• DATA PROVIDED
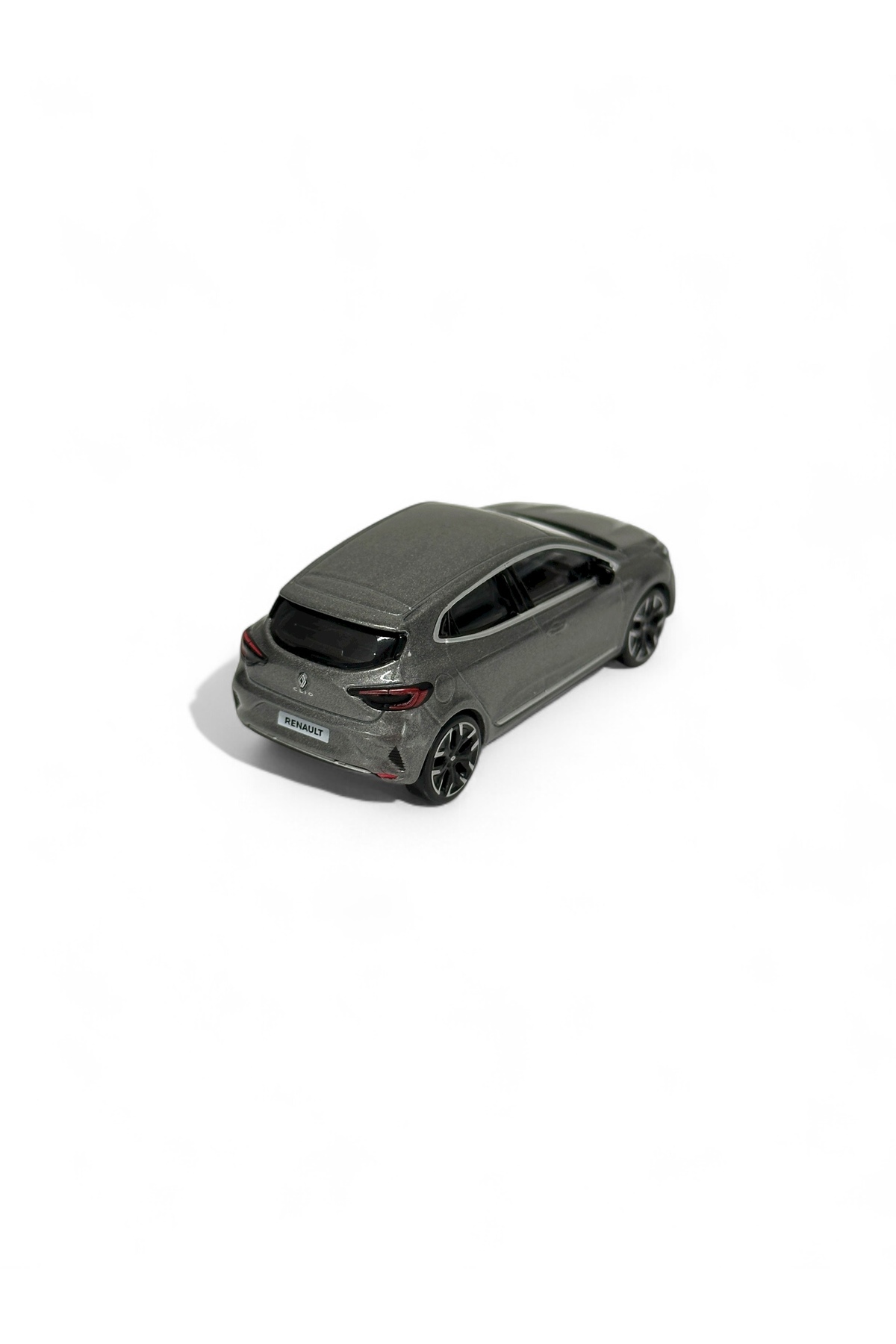 مدل خودرو CLIO 5 MINERAL GREY METAL CAR 1:64 مقیاس اورجینال PROCAART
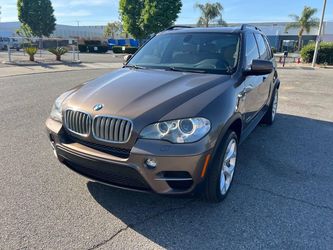 2012 BMW X5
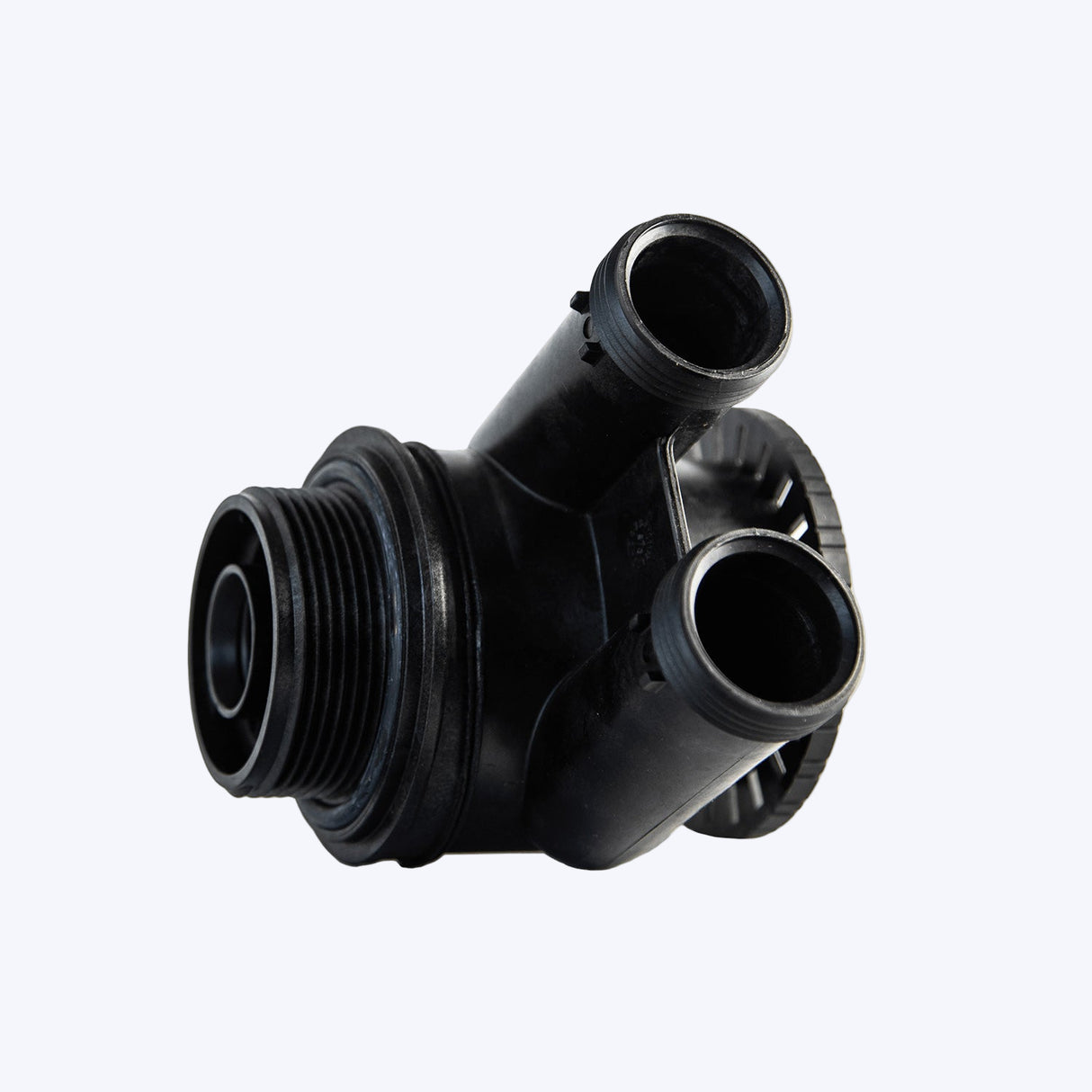 Clack In-Out Head, with Fill Port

• ABOUT THIS TASK
Would you return the whole listing exactly, without the pictures?

• SOLUTION FOR THIS PROBLEM
 مدل خودرو CLIO 5 MINERAL GREY METAL CAR 1:64 مقیاس اورجینال PROCAART
 2012 BMW X5
 Clack In-Out Head, with Fill Port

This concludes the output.